La difficulté s’accroît avec le choix des scénaristes d’augmenter le nombre d’intrigues secondaires par rapport à la première saison. Entrent en scène des personnages jusqu’alors ignorés ou seulement entrevus :
Kaito, le jeune frère de Sato qui entreprend de suivre les traces de son frère au sein du gang yakuza Chihara-Kai, malgré les larmes de sa mère,

Misaki, la maîtresse de l’oyabun (2) Tozawa qui s’éprend de Jake au risque de sa vie,
Kazuko, la femme de Tosawa, grande dame humiliée par son mari mais inflexible,
Ohno, un architecte client de Samantha et qui en tombe amoureux,
Kei, le frère instable d’Emi, la rédactrice en chef adjointe du Meicho Shimbun et supérieure de Jake,
Emi qui s’éprend de Shingo Murata, rédacteur en chef du magazine Tokyo Weekly,
De haut en bas : Eimi Maruyama (Rinko Kikuchi) et Shingo Murata (Soji Arai)

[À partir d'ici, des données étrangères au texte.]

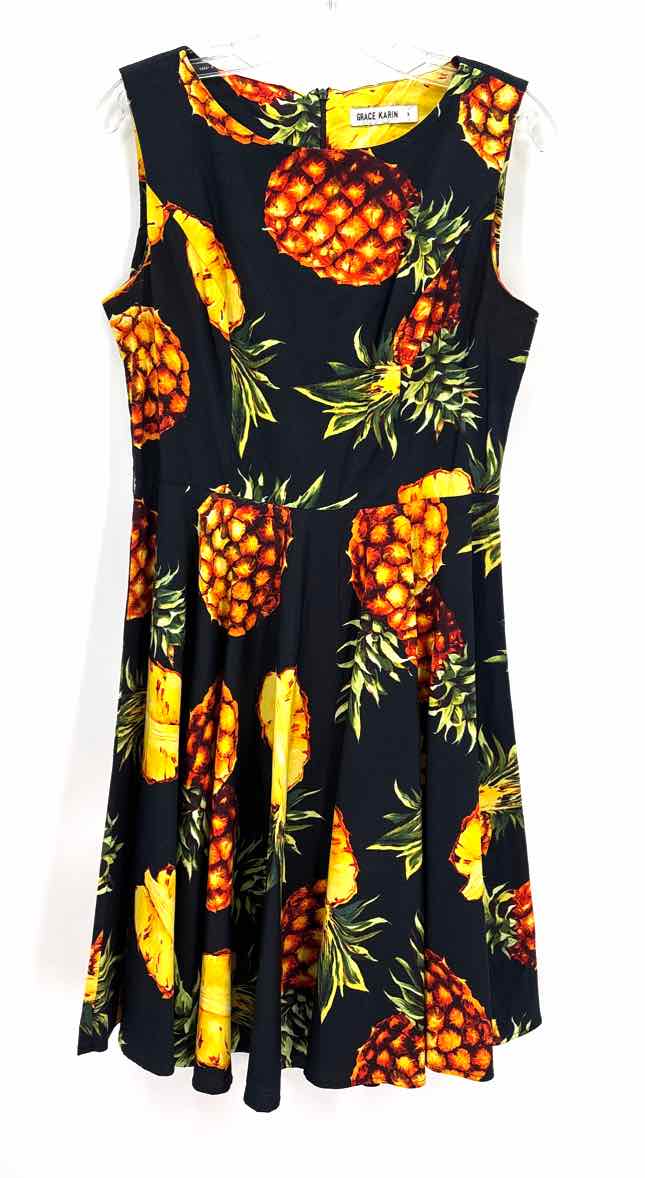 Size M Black Print Dress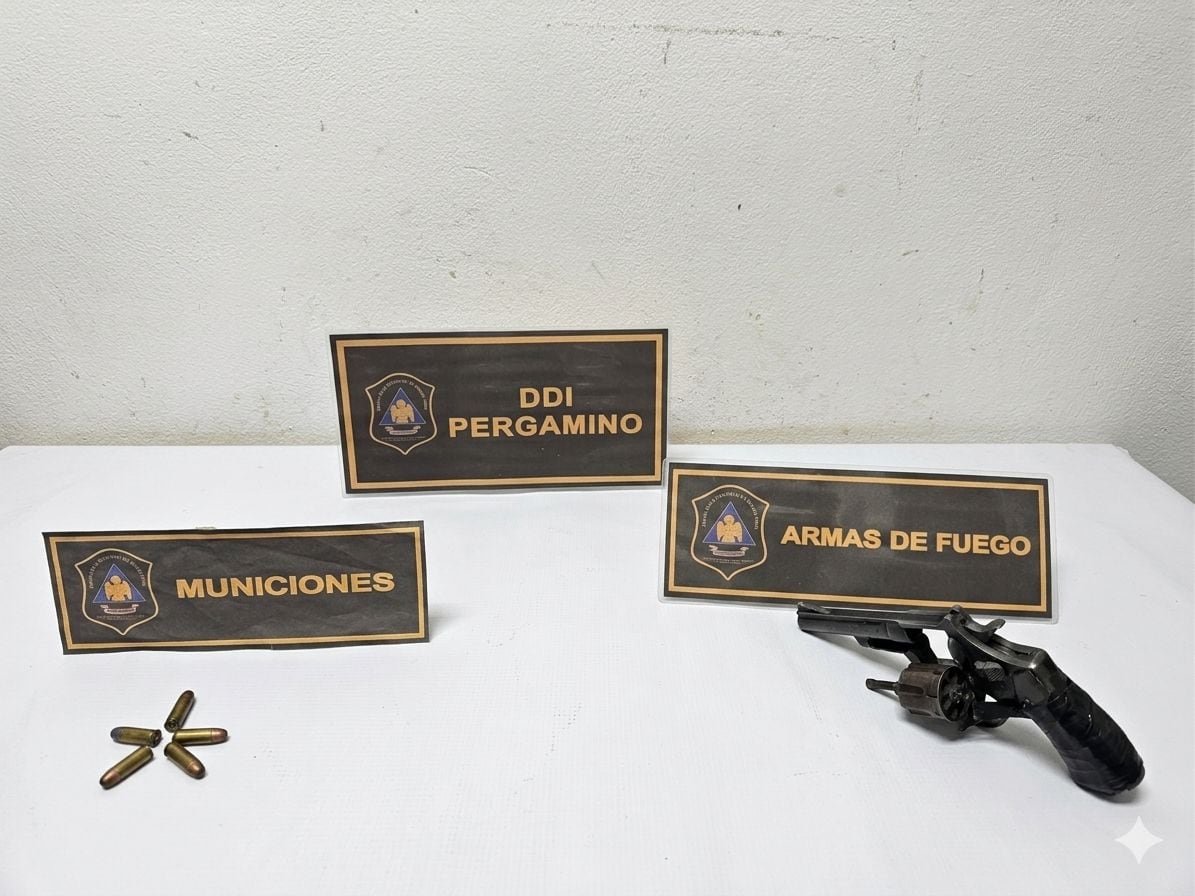 El arma y las municiones que fueron secuestradas por la DDI de Pergamino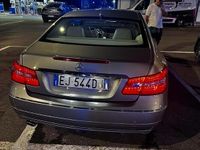 Gebraucht Mercedes E220 170 PS (125 kW) 2011 Grau Coupé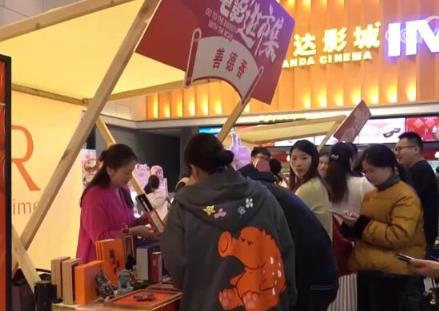 票房領跑全球、題材多元綻放：中國電影市場迎馬年“開門紅” 點燃新春消費熱潮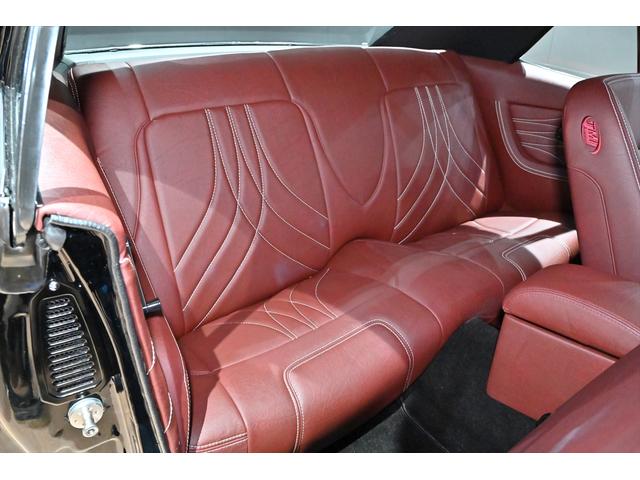 セカンドシートも綺麗な一台となっております♪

Jason, un attaché de l’ambassade américaine, qui s’éprend de Trendy, un collègue de Jake,
Hayama, de retour de prison, qui succède à Ishida, l’oyabun du gang Chihara-Kai, à sa mort,
Erika, l’ancienne patronne de Samantha qui s’éprend de Sato,
et enfin la commissaire Nagata qui devient la supérieure de Katagiri et prend le contre-pied de la politique d’équilibre entre les gangs qu’il menait au profit d’une guerre plus frontale.

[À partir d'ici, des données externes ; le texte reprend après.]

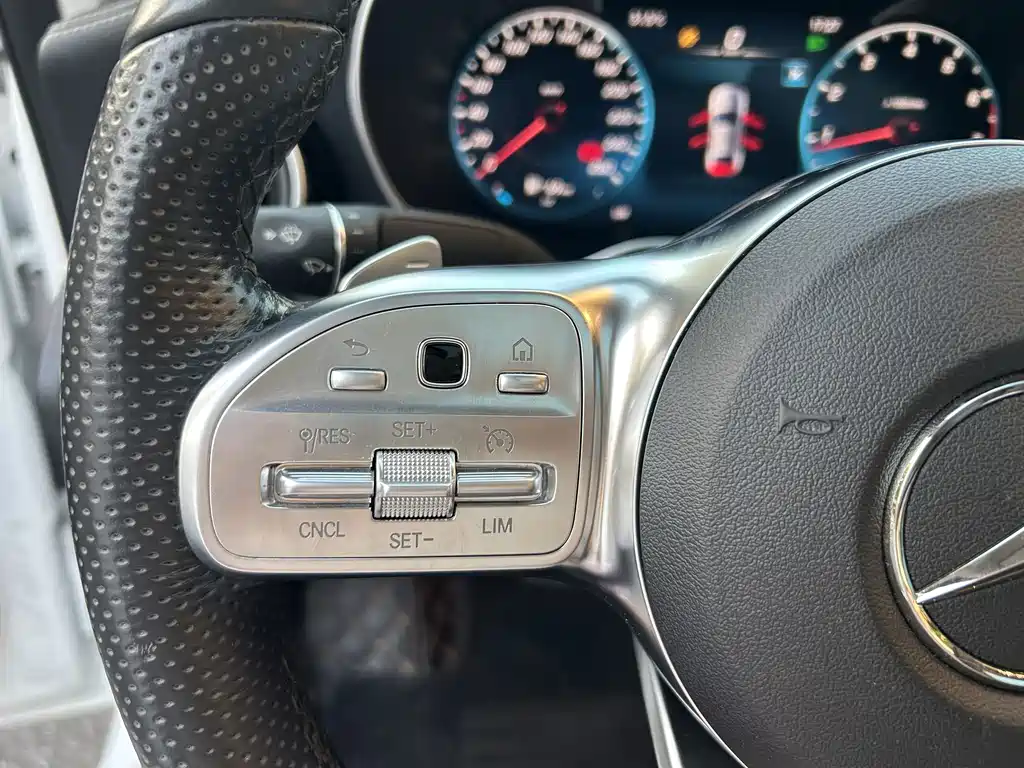 Mercedes-Benz C-Class — миниатюра 15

L’inspecteur Hiroto Katagiri (Ken Watanabe) et la commissaire Shoko Nagata (Miki Maya)
Tout cela représente un grand nombre de personnages secondaires qui enrichissent la fresque. Qu’on les ait aperçus ou non au cours de la première saison, qu’on s’en souvienne précisément ou vaguement, a relativement peu d’importance, ce qui en a, ce sont les multiples intrigues secondaires qui se nouent entre eux, histoires de famille, de pouvoir ou aventures amoureuses.

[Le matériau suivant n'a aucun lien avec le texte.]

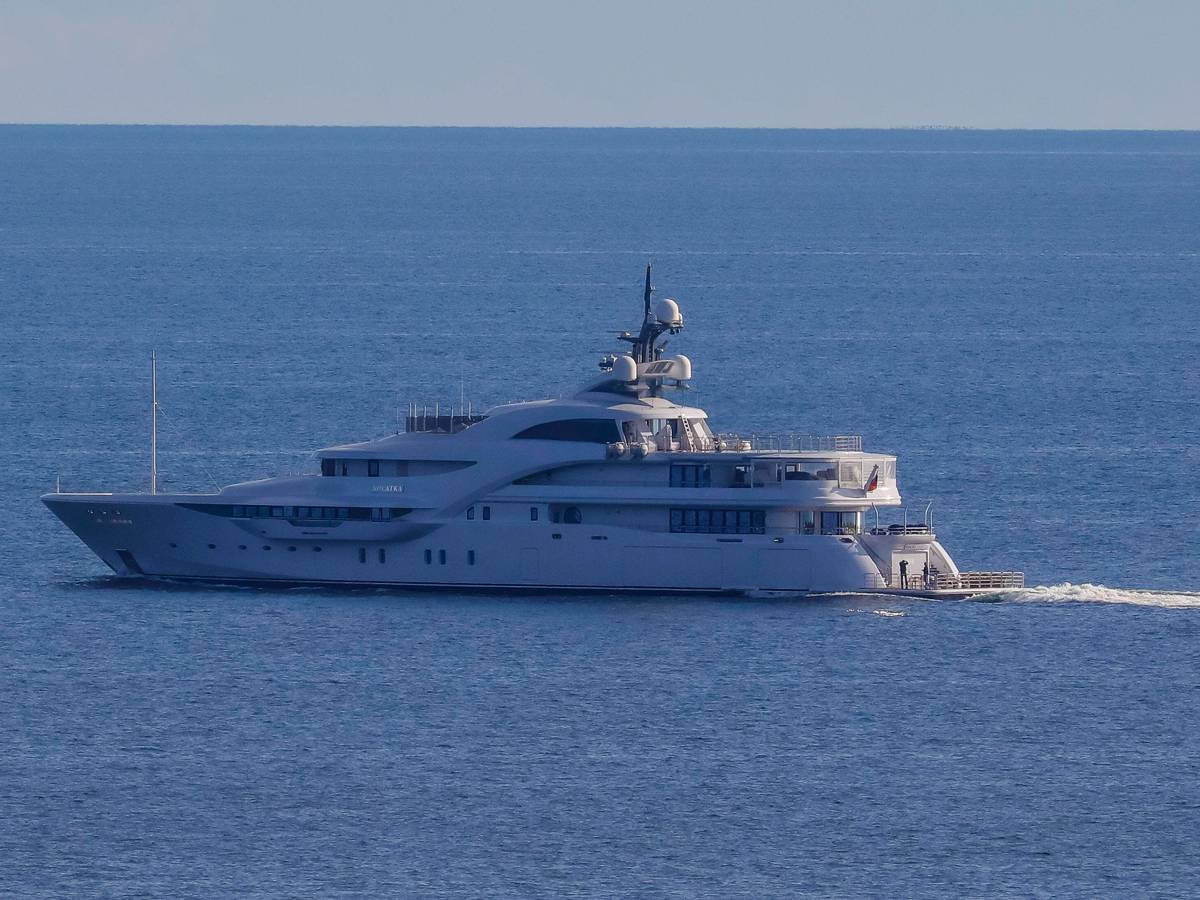 Blick auf die Motoryacht „Kosatka“ (früher „Graceful“) des russischen Präsidenten Wladimir Putin, hier im Jahr 2022 in der Ostsee auf der Fahrt von Kaliningrad vermutlich nach Sankt Petersburg.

Si les liens avec l’histoire principale, déjà scindée entre Jake et Samantha, n’apparaissent pas toujours immédiatement, tout le talent de l’auteur, J. T. Rogers, est de savoir ramener ces intrigues secondaires au corps principal du récit et de les clore avant la résolution finale, conformément à la tradition classique. Pour user d’une métaphore fluviale, disons qu’aucun affluent n’est inutile et que chacun alimente le fleuve avant que ne se profile l’estuaire. La résolution d’un récit secondaire s’avère hélas parfois artificielle comme lors des séparations symétriques de Mizaki et Jake d’abord et de Sato et Erika ensuite. Mais, au contraire, il arrive qu’elle relie le récit entier à de lointaines et ténébreuses nappes phréatiques familiales, et qu’elle s’éteigne avec discrétion, comme le fait la vengeance de Kazuka Tozawa à l’encontre de son mari.
De haut en bas : Shinzo Tozawa (Ayumi Tanida) et Kazuko Tozawa (Makiko Watanabe)
Mener un récit si complexe sans perdre un instant le spectateur est un exploit. Les premiers épisodes en oublient cependant le tempo de la première saison, dont Michael Mann avait réalisé le premier épisode. Il y avait insufflé l’énergie de Miami Vice, la série qu’il avait produite dans les années 1980 ou, mieux, du film qu’il en avait tiré en 2006, un bijou. Il faut avancer assez loin dans le récit de la seconde saison pour que la matière prenne, pour que l’ensemble de la mécanique trouve sa vitesse. Cela se produit à l’heure des règlements de comptes entre yakuzas, lorsque se déchaîne la violence. Après, plus aucun retour n’est possible. Le rythme est donné.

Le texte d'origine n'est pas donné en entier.